■ WHAT THIS TASK INVOLVES ■
From the first line to the last, please reproduce the material exactly, skipping the pictures.

■ DATA SEGMENT ■

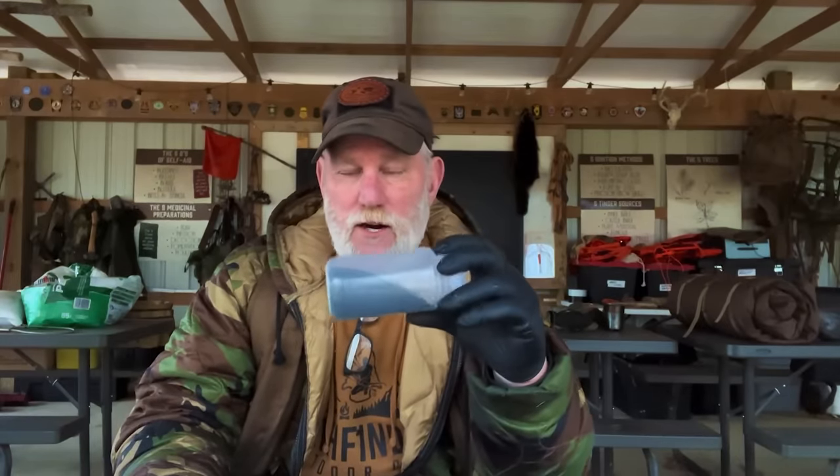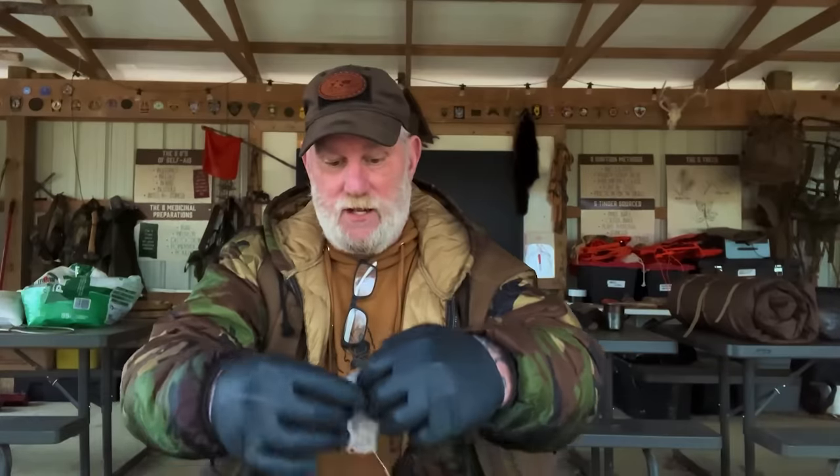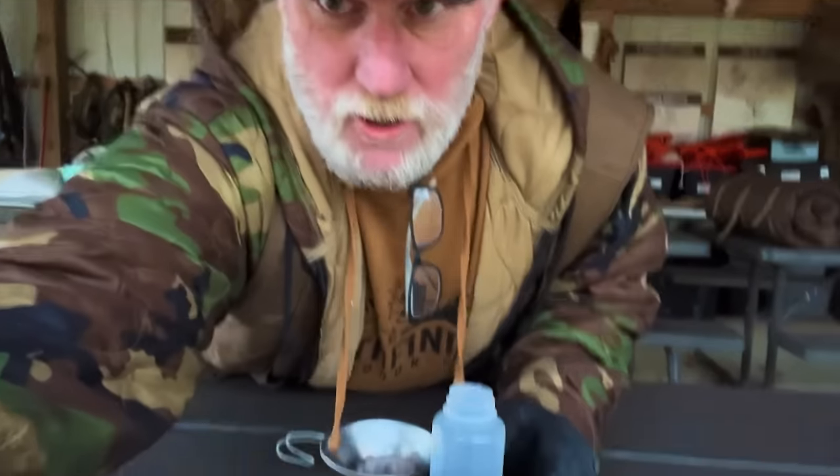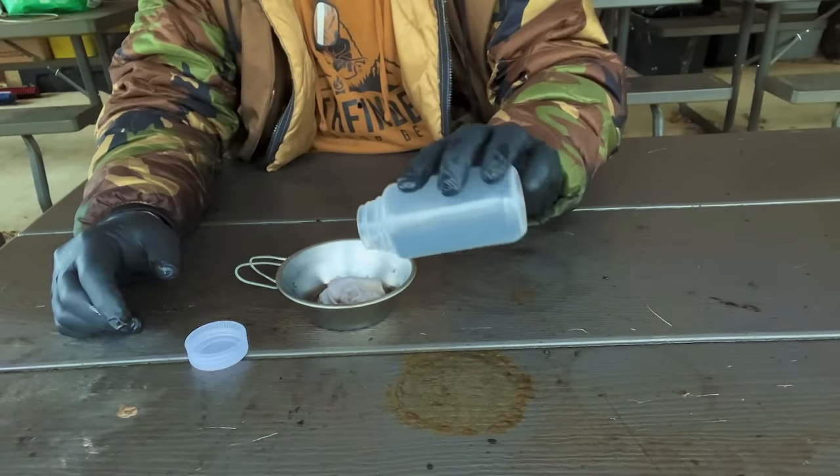We've got some of our black powder here. The best time to make this rub cloth would probably be before you ever granulate this stuff, right out of the mill when you've got dust. All you're going to do is take some 100% natural material — I've just put it into a Sierra cup here and dampened it so that it is wet to the touch. Then I'm going to take some of this black powder and sprinkle it in. This is why I would use the dust.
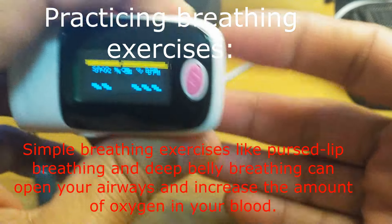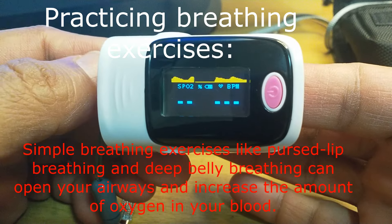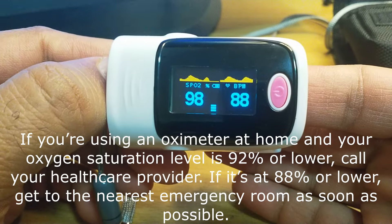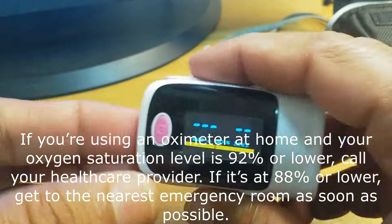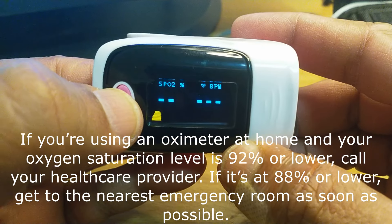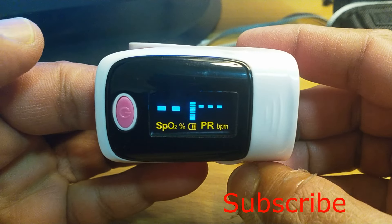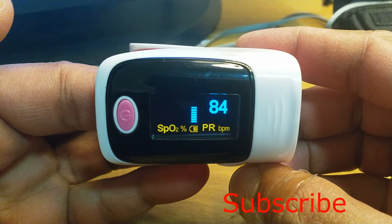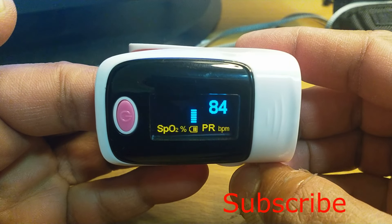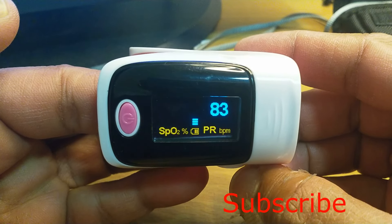I want something lower, so I will just mismatch the finger with the sensor — maybe it will show less oxygen. I will check with the other hand. Here you can also change the display direction. Now it is measuring — how much? 94. So it is less than 97, and continuously it is giving a beep.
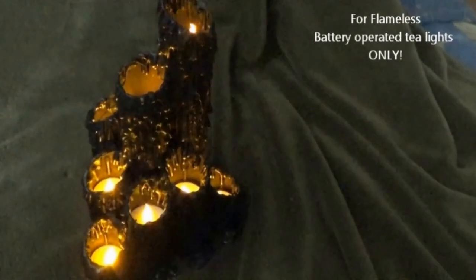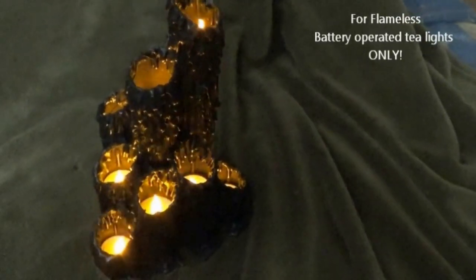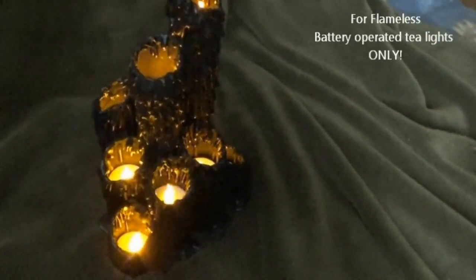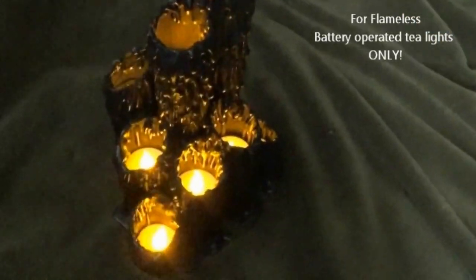Hello everyone, welcome to my channel. I hope you're all doing well. Today I'd like to show you a simple DIY project I did a few years ago for Halloween — it's a cluster of creepy candlesticks made from recycled materials.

■ TASK RESPONSE ■
We've got some of our black powder here. The best time to make this rub cloth would probably be before you ever granulate this stuff, right out of the mill when you've got dust. All you're going to do is take some 100% natural material — I've just put it into a Sierra cup here and dampened it so that it is wet to the touch. Then I'm going to take some of this black powder and sprinkle it in. This is why I would use the dust.
I want something lower, so I will just mismatch the finger with the sensor — maybe it will show less oxygen. I will check with the other hand. Here you can also change the display direction. Now it is measuring — how much? 94. So it is less than 97, and continuously it is giving a beep.
Hello everyone, welcome to my channel. I hope you're all doing well. Today I'd like to show you a simple DIY project I did a few years ago for Halloween — it's a cluster of creepy candlesticks made from recycled materials.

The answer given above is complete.